Grafana Cloud

Evaluation API

The evaluation control plane API manages evaluators, rules, and judge provider discovery.

Note

AI Observability is internally referred to as “Sigil” in some configuration and naming. For example, environment variables use the SIGIL_EVAL_ prefix, while the API routes documented here use the generic /api/v1/ prefix.

Evaluator endpoints

MethodPathDescription
GET/api/v1/evaluatorsList all evaluators.
POST/api/v1/evaluatorsCreate an evaluator.
GET/api/v1/evaluators/{id}Get an evaluator by ID.
PUT/api/v1/evaluators/{id}Update an evaluator.
DELETE/api/v1/evaluators/{id}Delete an evaluator.

Rule endpoints

MethodPathDescription
GET/api/v1/eval-rulesList all evaluation rules.
POST/api/v1/eval-rulesCreate a rule.
GET/api/v1/eval-rules/{id}Get a rule by ID.
PUT/api/v1/eval-rules/{id}Update a rule.
DELETE/api/v1/eval-rules/{id}Delete a rule.

Judge provider endpoints

MethodPathDescription
GET/api/v1/judge-providersList discovered judge providers.

Score ingest

TransportEndpoint
HTTPPOST /api/v1/scores:export

The score ingest endpoint accepts externally computed evaluation scores.
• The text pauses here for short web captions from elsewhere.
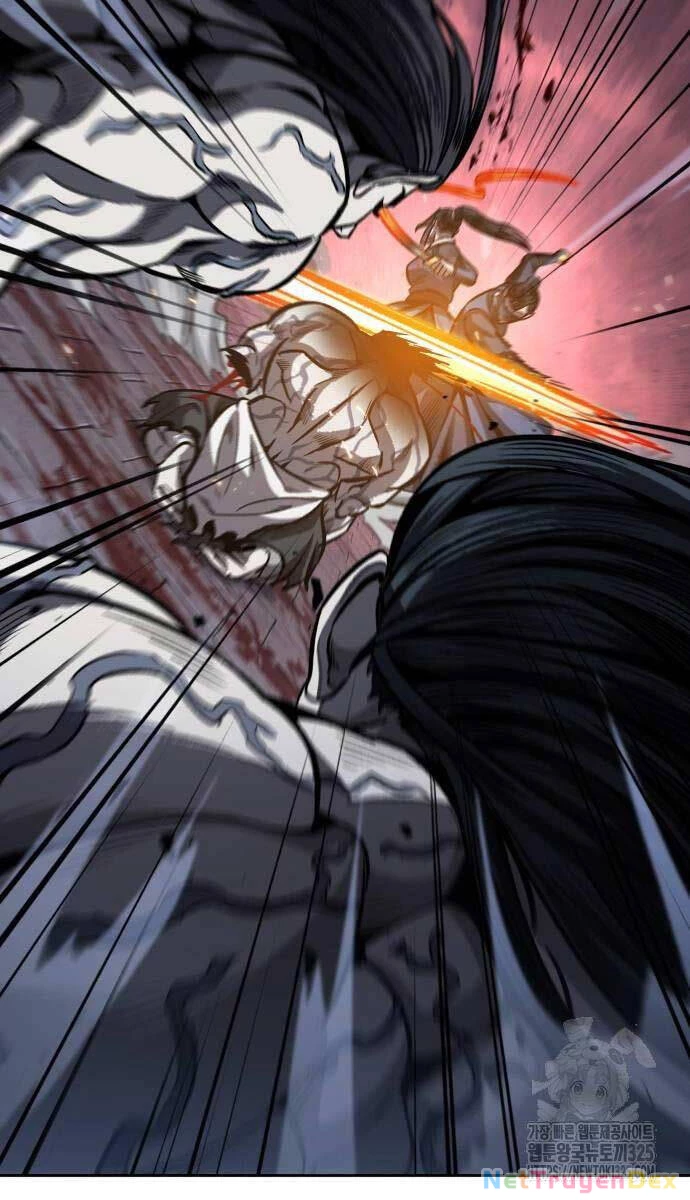 Ngã Lão Ma Thần Chapter 193 - Trang 4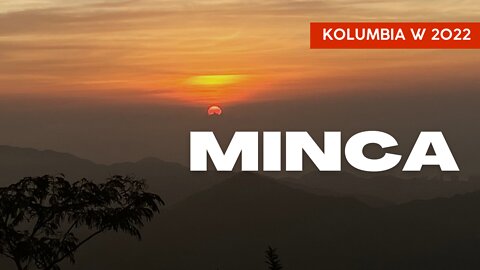 Szukałam tukana,a ugryzł mnie pies😱⏐Dżungla w Mince⏐KOLUMBIA w 2022
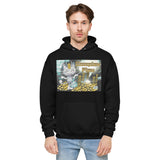 Complex Flex Meowth Sweatshirt | Poké Merch | Def. Clean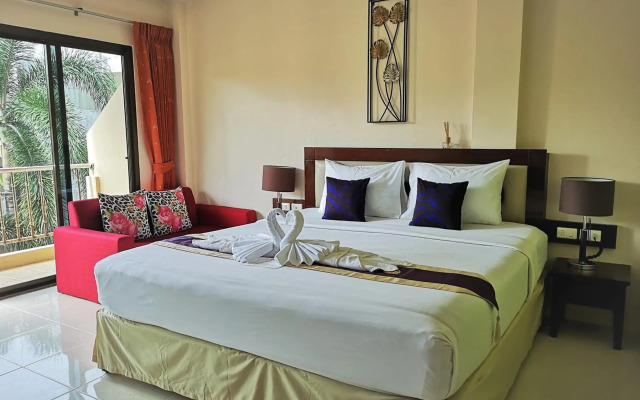 Seven Seas Hotel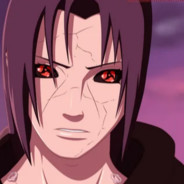 Itachi Uciha ❤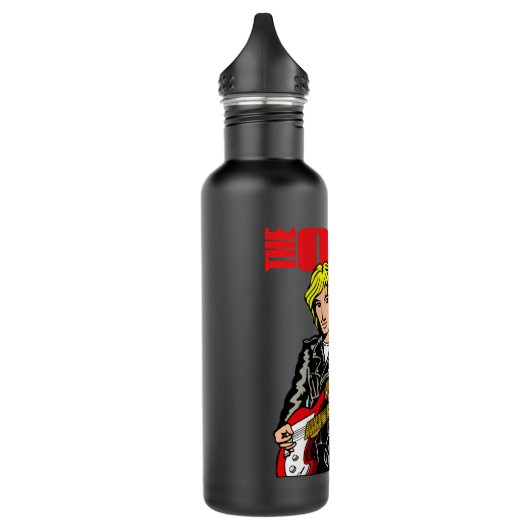 Chesney Hawkes The One And Only Essential T Shirt Waterfles (Links)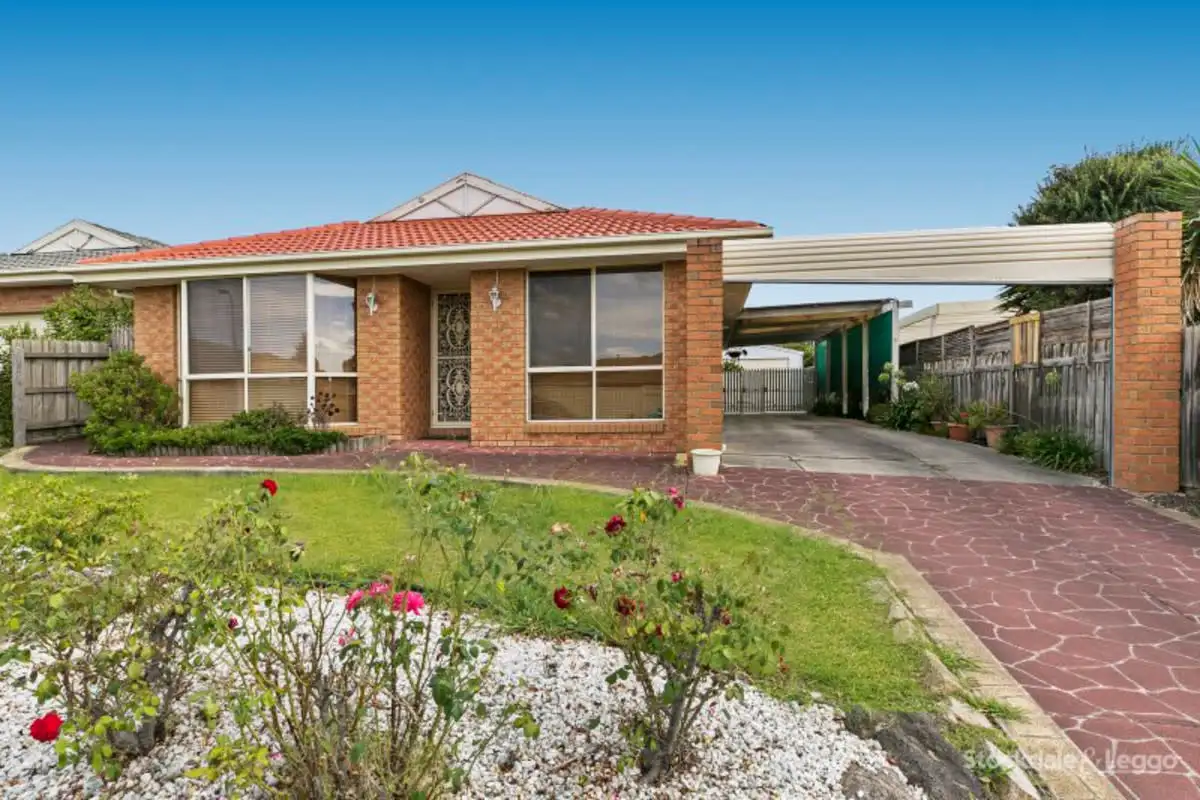 Main view of Homely house listing, 74 Elstar Road, Narre Warren VIC 3805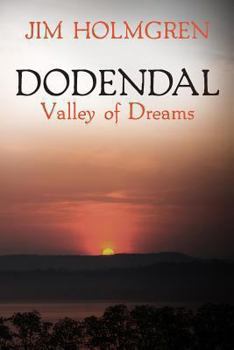 Paperback Dodendal: Valley of Dreams Book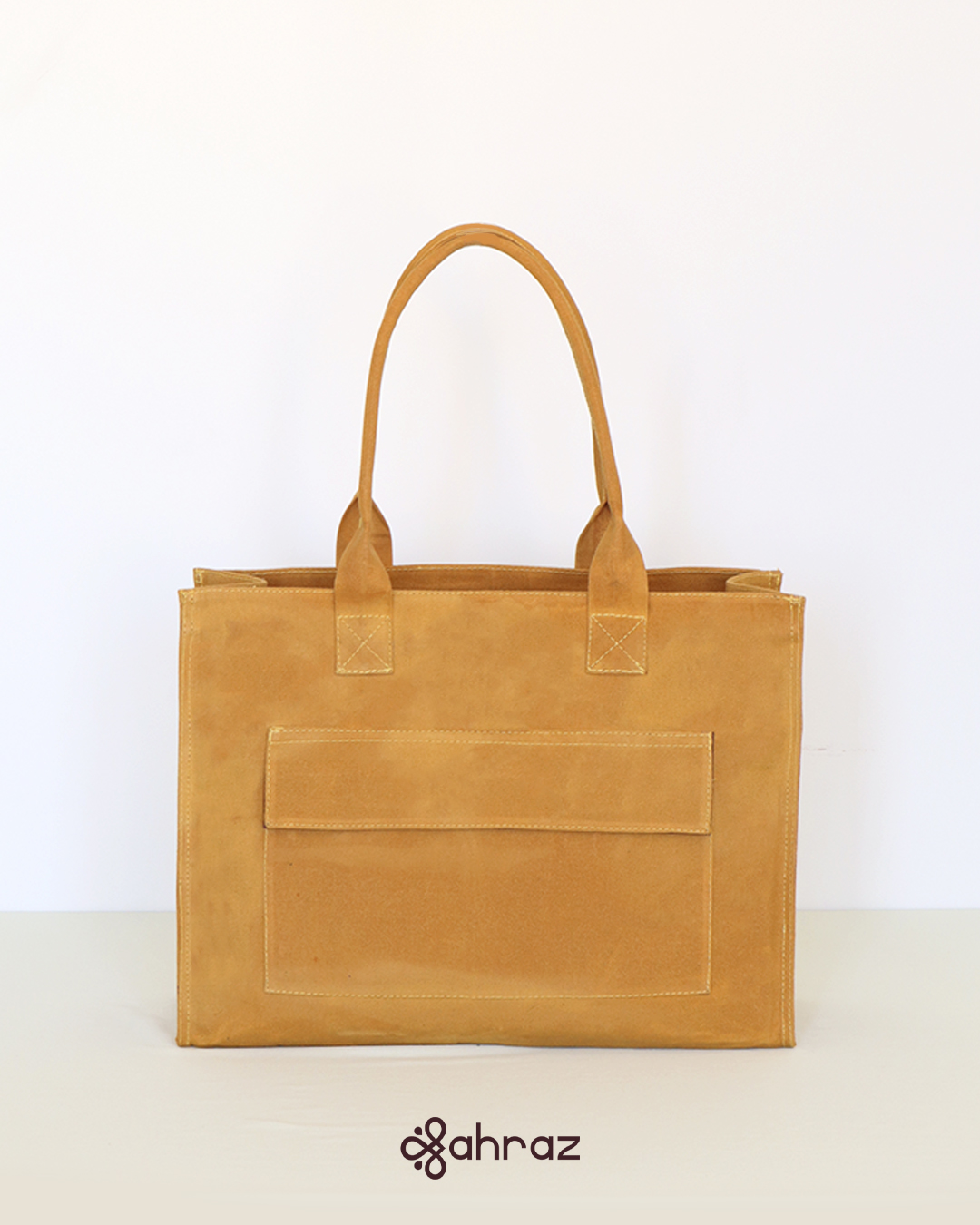 Bolsa 'Made in Brazil'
Scores are idempotent — re-submitting the same score ID is a no-op.

Evaluator types

LLM judge

JSON
{
  "kind": "llm_judge",
  "config": {
    "provider": "openai",
    "model": "gpt-4o-mini",
    "system_prompt": "You are a quality evaluator.",
    "user_prompt": "Rate this response:\n{{assistant_response}}",
    "max_tokens": 100,
    "temperature": 0.0,
    "timeout_ms": 30000
  }
}

JSON schema

JSON
{
  "kind": "json_schema",
  "config": {
    "schema": {
      "type": "object",
      "required": ["answer"],
      "properties": {
        "answer": { "type": "string" }
      }
    },
    "target": "response"
  }
}

The optional target field sets the text to evaluate: response (default), input, or system_prompt.

Regex

JSON
{
  "kind": "regex",
  "config": {
    "pattern": "^\\d+$",
    "reject": false,
    "target": "response"
  }
}

Heuristic

JSON
{
  "kind": "heuristic",
  "config": {
    "version": "v2",
    "target": "response",
    "rules": {
      "and": [
        { "not_empty": "assistant_response" },
        { "min_length": { "field": "assistant_response", "value": 10 } }
      ]
    }
  }
}

Rule selectors

SelectorDescription
user_visible_turnAssistant text responses without tool calls.
all_assistant_generationsAny assistant output.
tool_call_stepsGenerations containing tool calls.
errored_generationsGenerations with call_error.

Rule alert integration

Rules can include an alert_rule_uids field that stores the UIDs of Grafana alert rules created from the evaluation rule. You can create alerts directly from the rule editor in the plugin UI by setting a pass-rate threshold and contact point. Alerts are created as non-provisioned, so you can edit them in the Grafana Alerting UI afterward.